This document reviews the tribunal decision for ITA No. 315/DEL/2021 involving Micro Focus Limited, UK, against the final assessment order regarding the income generated from the sale of software products to Indian customers for the assessment year 2017-18.
Micro Focus Limited contested the assessment which taxed the income from software sales as ‘Royalty’ under both the Income-tax Act, 1961, and the India-UK Double Taxation Avoidance Agreement (DTAA).
The key dispute revolved around whether the payments received by Micro Focus Limited for software products sold to Indian customers constitute ‘Royalty’ or ‘Business Profits’. The company argued that, in the absence of a Permanent Establishment (PE) in India, such receipts should not be taxable in India.

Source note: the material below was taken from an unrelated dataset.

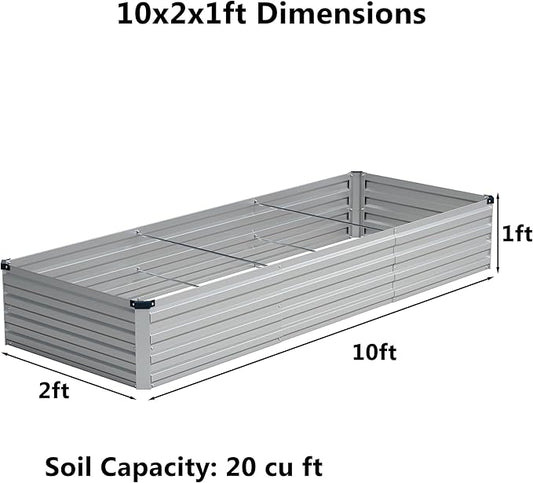 Galvanized Raised Garden Bed,Outdoor Planter Box Metal Patio Kit Planting Bed for Vegetables Flowers and Succulents,10x2x1ft(2 PCS),Silver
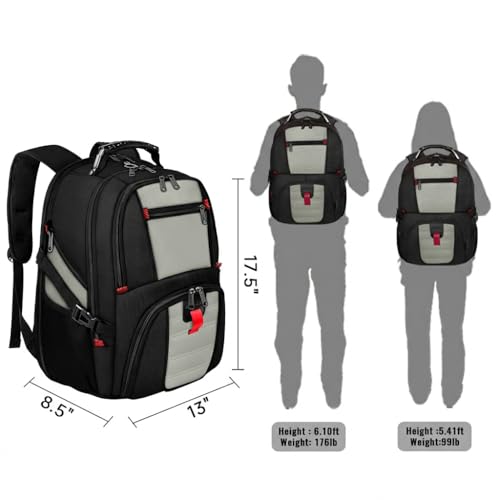 Image of 17inch Laptop Backpack,Large Luggage Backpack with USB Charging Port for Women Men,TSA Friendly Business Travel Laptop Backpack,Anti-Theft Computer Backpacks Big College School Bookbag, Grey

Additionally, the case touched on whether the cost reimbursement from Indian entities was taxable as ‘Fees for Technical Services’ (FTS).
The Delhi High Court’s ruling in favor of the assessee in a similar case for A.Y.2014-15, which followed the Supreme Court’s decision in the case of Engineering Analysis Centre of Excellence Private Limited, was pivotal. These precedents led to the tribunal’s decision to direct the AO to delete the impugned addition, thereby allowing the appeal in favor of Micro Focus Limited.
The decision reiterates the importance of the judiciary’s role in clarifying tax obligations related to cross-border software sales and the definition of ‘Royalty’ under international tax agreements, significantly impacting how software sales are treated under the India-UK DTAA.